> [Exercise inputs]
··········

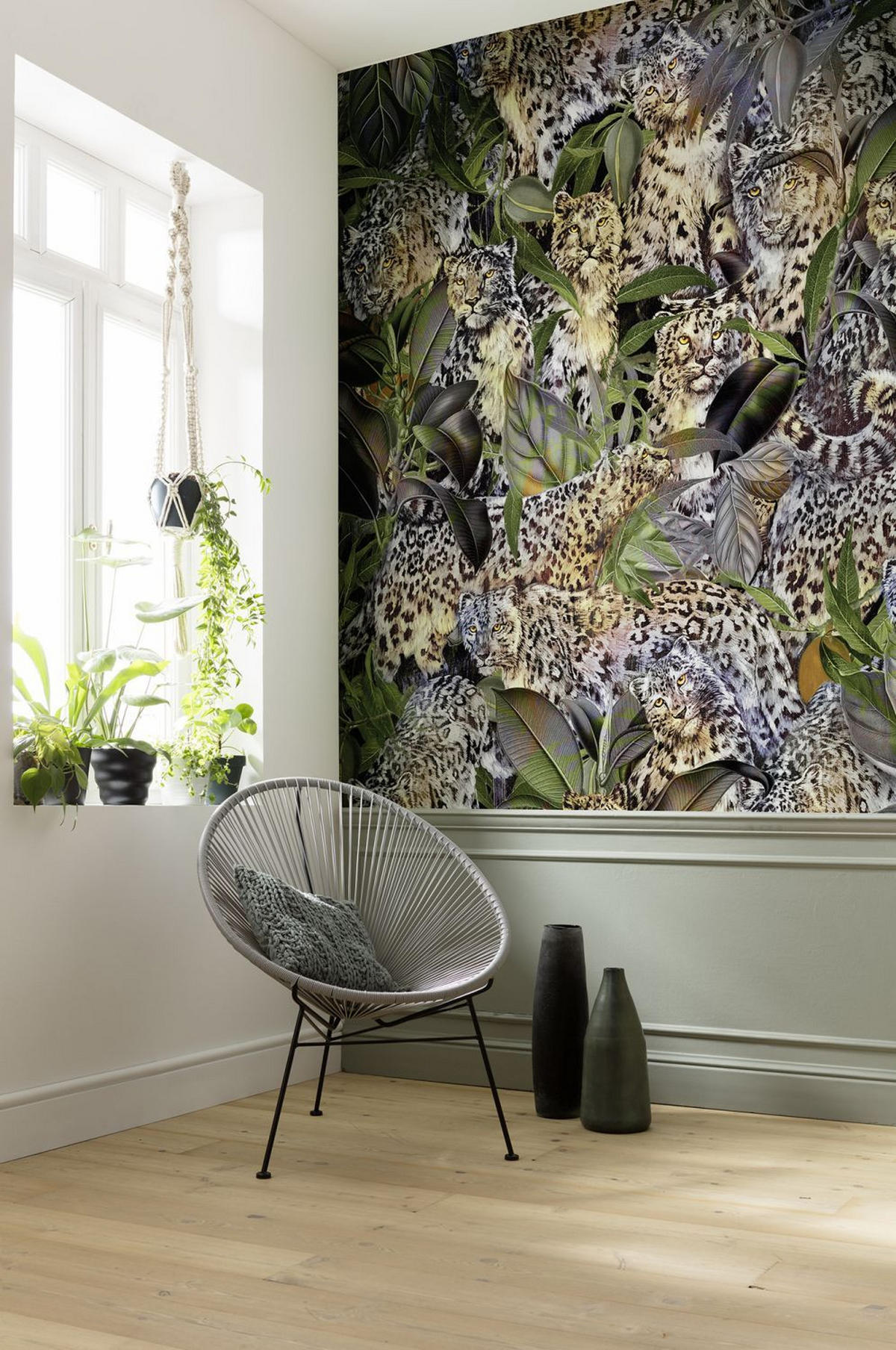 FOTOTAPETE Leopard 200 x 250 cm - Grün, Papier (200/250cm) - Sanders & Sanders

··········

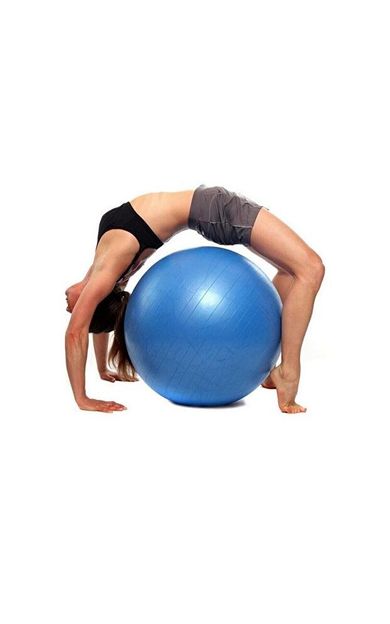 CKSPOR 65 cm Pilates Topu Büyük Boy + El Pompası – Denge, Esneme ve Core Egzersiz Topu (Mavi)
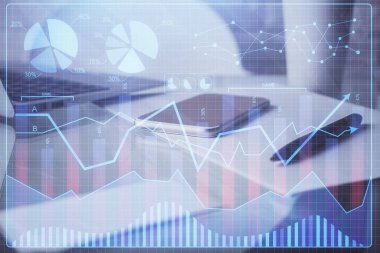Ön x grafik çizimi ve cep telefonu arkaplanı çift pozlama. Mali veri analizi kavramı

··········

> [Task objective]
Working from the data above, repeat exactly, and only, the lines that begin at the line containing "CKSPOR 65 cm" and stop after the line containing "Ön x grafik"; pictures are not copied.

> [Finished task]
 CKSPOR 65 cm Pilates Topu Büyük Boy + El Pompası – Denge, Esneme ve Core Egzersiz Topu (Mavi)
Ön x grafik çizimi ve cep telefonu arkaplanı çift pozlama. Mali veri analizi kavramı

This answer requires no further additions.